An unlimited contract is the one that only has a start date. It does not have a reference to either an end date or the duration of the contract. In simple terms, that is the difference and the definition between a limited and an unlimited contract.
In terms of the application of the labor law and the differences between limited and unlimited contracts in terms of benefits and rights to employees and companies, in relevant terms, and they are as follows:
If you have a limited contract, the difference comes into play between termination and resignation. If an employee on a limited contract is being terminated, then he or she is entitled to the full end of service. It may be based on the duration of the employee’s employment, plus arbitrary dismissal. Arbitrary dismissal in limited contracts is the full three months of monthly salary.
For example, an employee is in a three-year employment contract and has been terminated a year and a half into his employment. The company has to pay by default three months of salary, and that will be total salary, not basic salary but total salary, as compensation for arbitrarily dismissing that employee prior to the expiration of the contract.
If the employee resigns on a limited contract, then he or she walks away from the end-of-service payments. Let’s say an employee worked for a company for four and a half years and otherwise would be entitled to 21 days of basic salary for every year of service.
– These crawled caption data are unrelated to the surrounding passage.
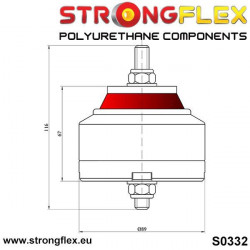 STRONGFLEX - 031760B: Nosač motora - swap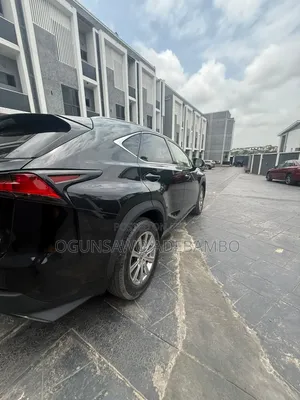 Lexus NX 2019 Black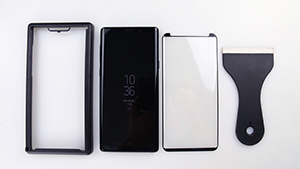 NOTE9 全胶钢化膜贴膜神器介绍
If he or she resigns prematurely, let’s say it is a five-year contract and the employee resigns four and a half years into it, they walk away from all of that end of service, plus they will be required to pay 45 days or a month and a half of salary as compensation for terminating a limited contract prematurely. That’s in the case of a limited contract.
If a contract is unlimited, again the differences come into play between termination and resignation. In the termination case when an employee is being terminated, they would have to be paid end of service, plus arbitrary dismissal that will be calculated on the basis of up to three months of total monthly salary.
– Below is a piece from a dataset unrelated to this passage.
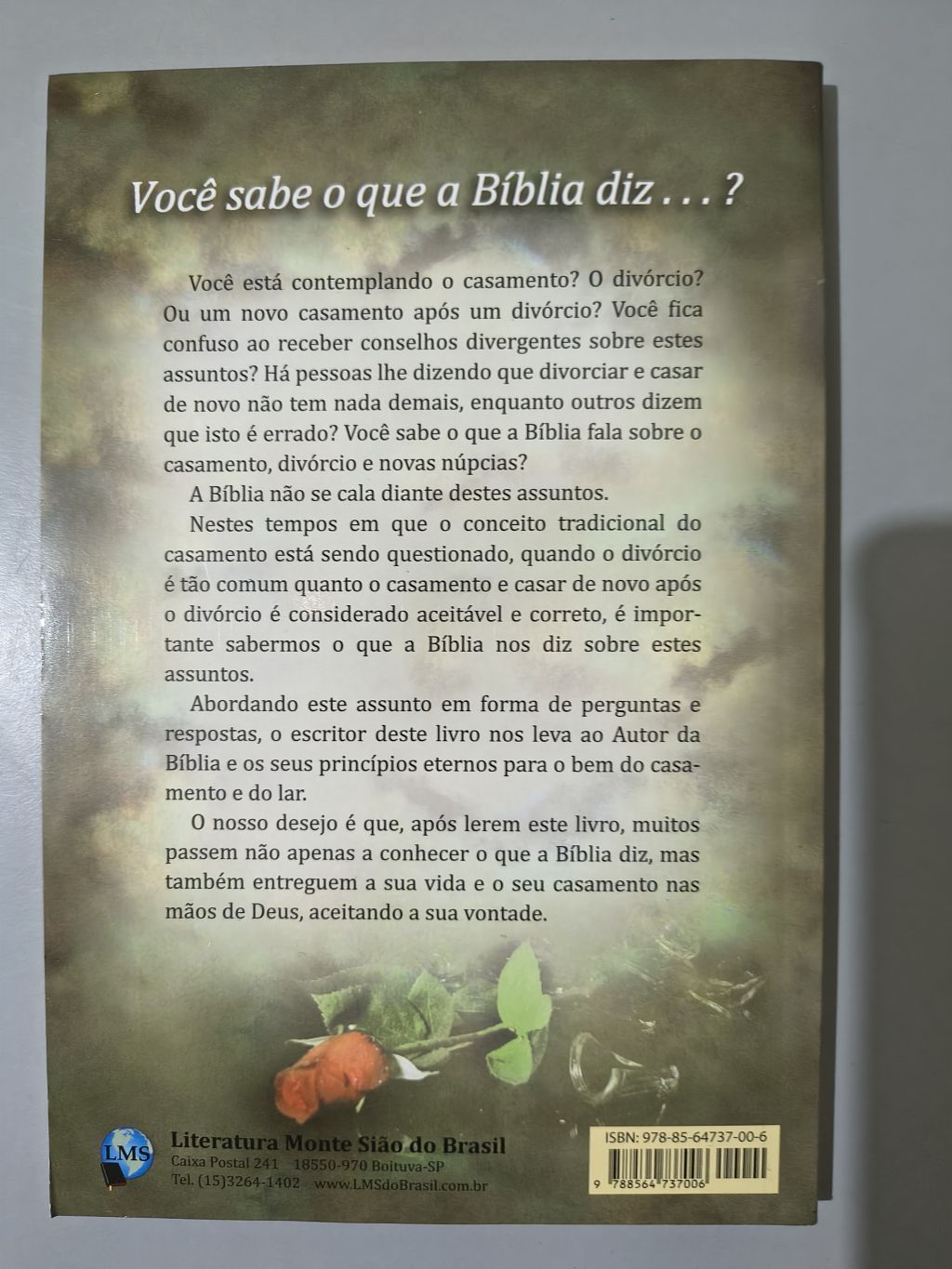 Casamento, Divórcio e Segundas Núpcias - John Coblentz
Whereas in the limited contract, the company’s obligation to pay for arbitrary dismissal is three months. It is not subject to any interpretation or offsets. In the limited contract, it’s up to three months, so it’s for the court to decide whether it should be one month, or it should be three months. As a general rule based on experience, the longer an employee works for a company, the higher the chances that the courts will award the full three months of arbitrary dismissal even in cases of unlimited contracts.
If an employee resigns in an unlimited contract, then there are two different scenarios in terms of how the end of service is calculated or reduced. Once again, an unlimited contract and a resignation. If the employee resigns between year one and three, he or she is entitled to one third of end of service, which ends up being about one week of basic salary for every year of service. If the employee resigns between year three and five, then he or she will be entitled to two thirds of end of service, which ends up being 14 days of basic salary for every year of service.
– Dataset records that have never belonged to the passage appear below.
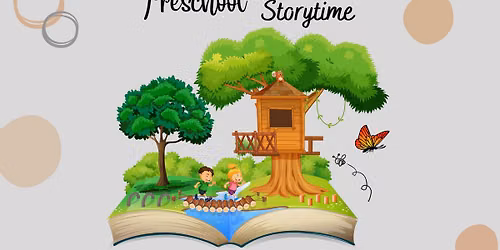 Preschool Storytime (Ages 4-5)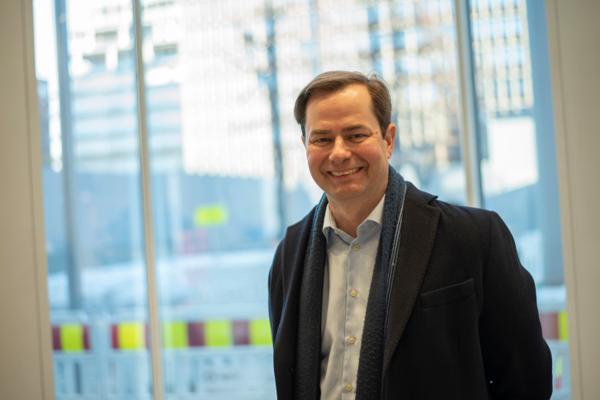 – Renten må ned slik at boligkjøperne får lyst til å investere igjen, sier administrerende direktør Lars Jacob Hiim i Boligprodusentens Forening. Arkivfoto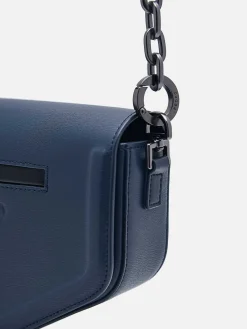 Taper Leather Mini Sling Bag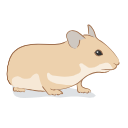 Hamster Pet Svg Illustration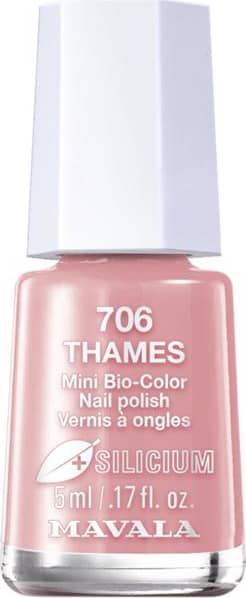 Mavala Mini Bio-Colors Nagellack Volta – 5 Ml, Vegan, Atmungsaktiv, Bis 7 Tage Haltbar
For example, an employee resigns on year two, which is between years and one and three, and with the basic salary of 15,000 dirhams, so he will receive 5,000 dirhams for every year of service which for two years of service would be 10,000 dirhams. If the employee resigns between, let’s say on year four, between years three and five, on the same salary of 15,000, he will receive 10,000 dirhams for every year of service, which would be 40,000, which is 10,000 for every year of service, being four years, 40,000 dirhams.